I hinted at the end of my essay that followers of Jesus should not seek a Christian empire, one in which Christian beliefs are the norm. I believe, as I stated, that the kingdom of God is within, and that Christians should eschew any alignment of Christianity with earthly power. Such alignments of Christianity with power are so likely to engender abuses of power, they would end up subverting the teachings of Jesus. "Blessed," after all, "are the meek."

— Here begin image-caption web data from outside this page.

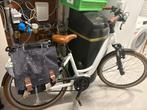 Elektrische fiets in perfecte staat, Fietsen en Brommers, Elektrische fietsen, Ophalen, Zo goed als nieuw, 50 km per accu of meer
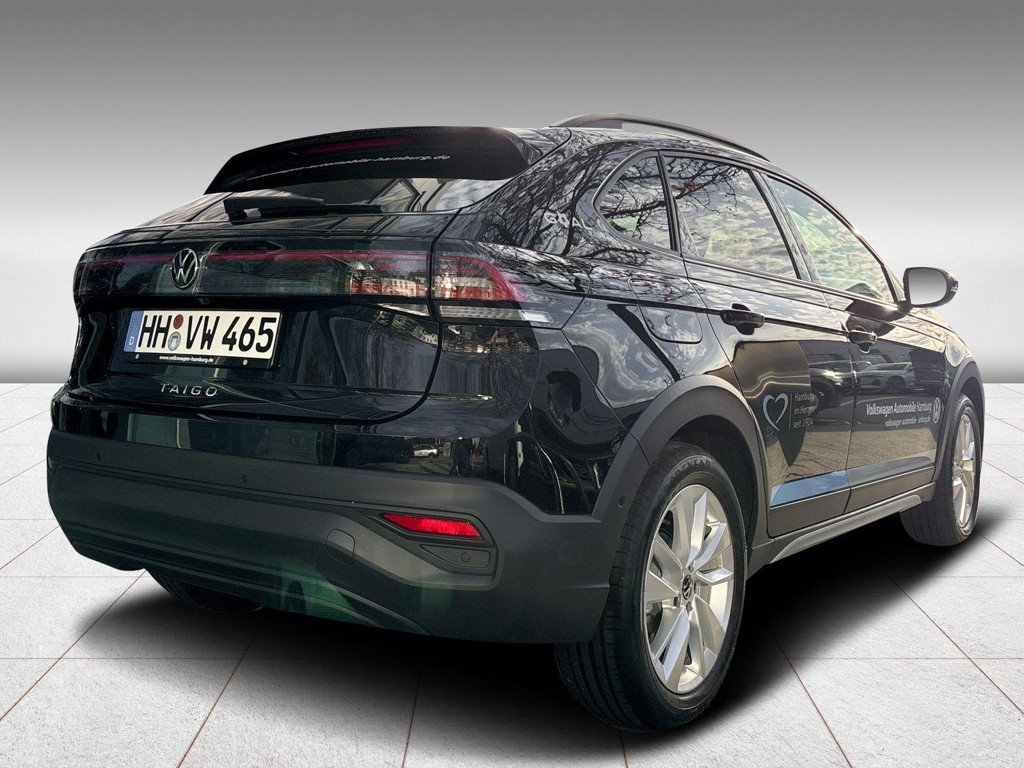 Volkswagen Taigo
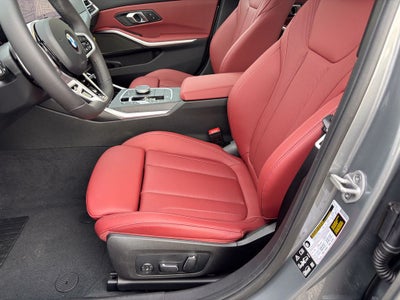 2026 BMW 3 Series 330i xDrive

Power makes Christians, as it does anyone, liable to arrogance, self-righteousness, imprudence, insecurity, rapaciousness, and oppression. After a time, Christians are unlikely to resist imposing their views on those who disagree with them; such disagreements may then issue forth in intolerance and even violence (divinely endorsed, of course). Holy Wars and Inquisitions are just the two most obvious examples of Christianity's unholy alliance with earthly power. "Blessed," after all, "are the poor in spirit."
When tempted by Satan in the desert, Jesus was offered all of the kingdoms in the world. But he understood that acceding to that temptation came with a great moral and spiritual price: it would require bowing down to Satan. So he turned his back once and for all on earthly power and resisted the natural human impulse to build an empire.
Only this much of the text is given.